@privane/engine
The @privane/engine is a headless TypeScript SDK for running LLMs directly in the browser using WebGPU, or in Node.js environments.
Installation
npm install @privane/engineBrowser Usage (WebGPU)
The true power of Privane is executing local AI completely within the user’s browser, enabling zero-latency UI experiences.
import { Engine } from '@privane/engine';
const engine = new Engine({
backend: 'webgpu'
});
await engine.load('gemma-2b');
const stream = await engine.generate({
prompt: "Write a short poem about coding:",
maxTokens: 100
});
for await (const chunk of stream) {
console.log(chunk);
}Supported Models
The WebGPU backend currently supports highly optimized, quantized variations of:
- Google Gemma (2B)
- Llama 3 (8B)
- Mistral (7B)
Optimized for Local Inference
The @privane/engine runtime is designed from the ground up to achieve maximum throughput and minimum resource overhead during local execution:
- WebGPU Acceleration: Native integration with standard web GPU pipelines, bypassing slow CPU and WASM threads to run models directly on local graphics hardware inside any modern browser.
- Quantized GGUF Pipelines: Optimized loading of highly compacted 2-bit, 4-bit, and 8-bit model weights, enabling high-quality reasoning without exhausting local memory footprint.

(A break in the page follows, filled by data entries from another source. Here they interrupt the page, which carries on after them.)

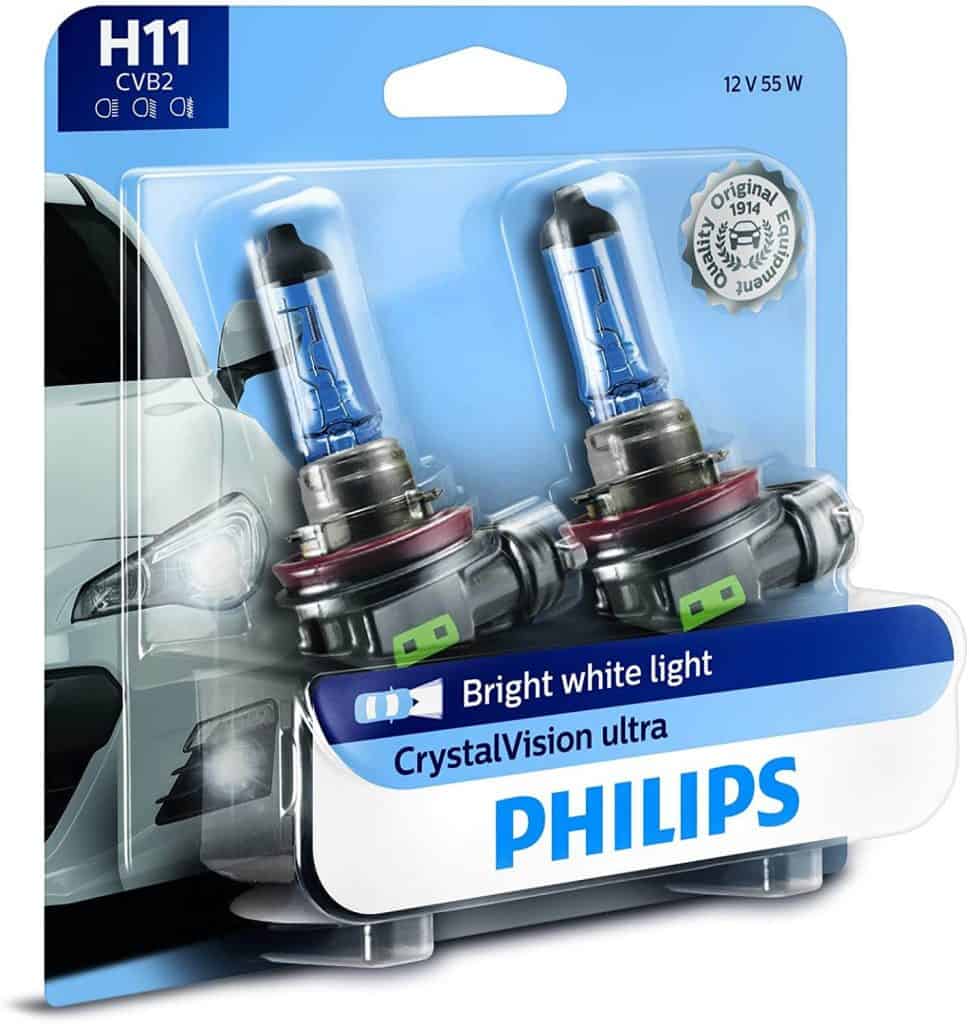 Philips 12362CVB2 H11 CrystalVision Ultra Upgraded Bright White Headlight Bulb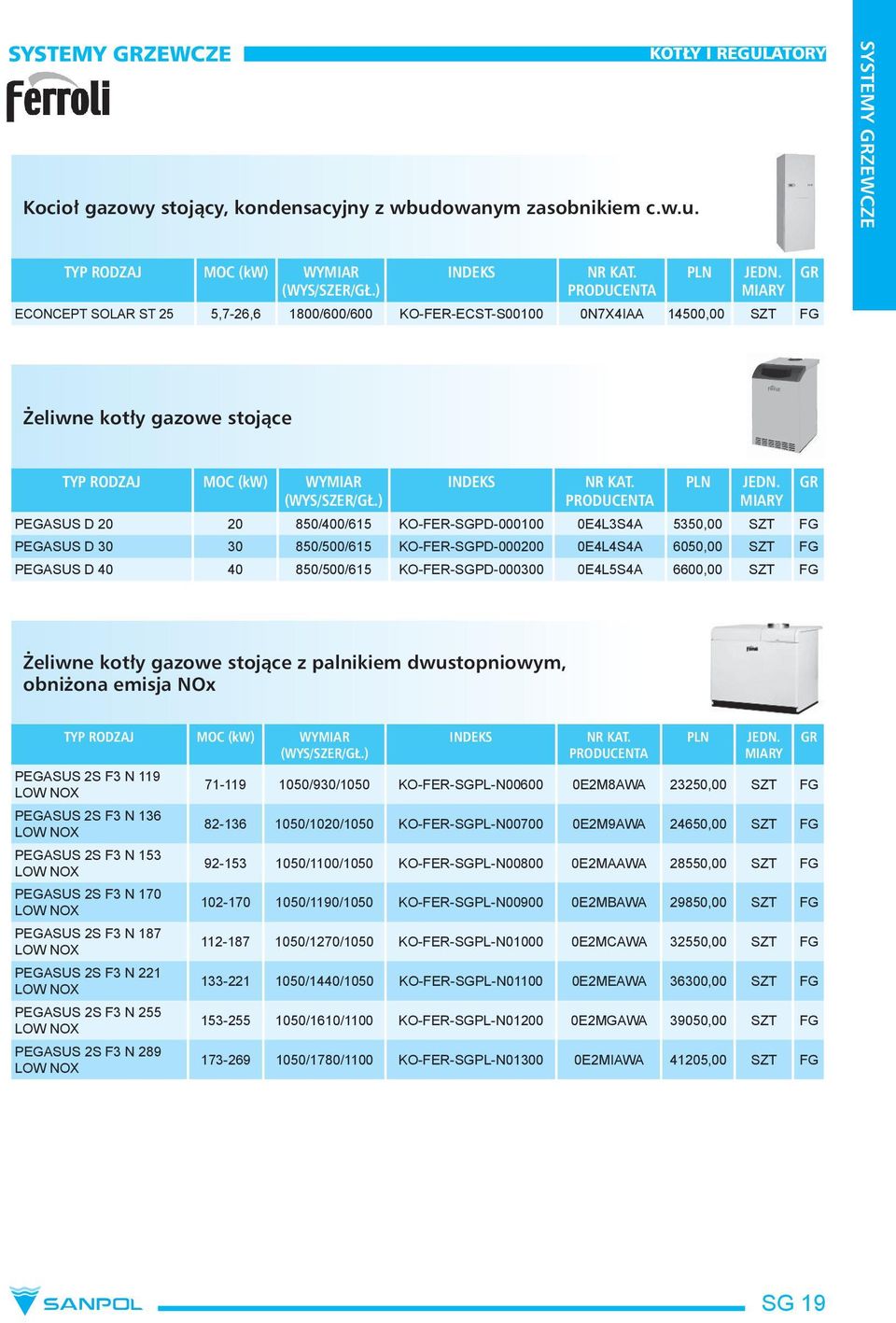 ) PEGASUS D 20 20 850/400/615 KO-FER-SGPD-000100 0E4L3S4A 5350,00 SZT FG PEGASUS D 30 30 850/500/615 KO-FER-SGPD-000200 0E4L4S4A 6050,00 SZT FG PEGASUS D 40 40 850/500/615 KO-FER-SGPD-000300 0E4L5S4A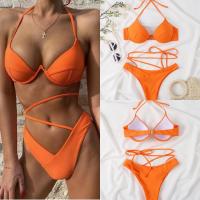 Polyamide Bikini deep V & backless & off shoulder patchwork Solid reddish orange Set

- Streaming Token Generation: Native asynchronous event loops stream tokens instantly as they are computed, drastically reducing time-to-first-token (TTFT) and enhancing perceived speed.
- KV-Cache Optimization: Dynamic context recycling and state management prevent memory bloat, keeping your browser tabs and native runtimes running smooth and crash-free.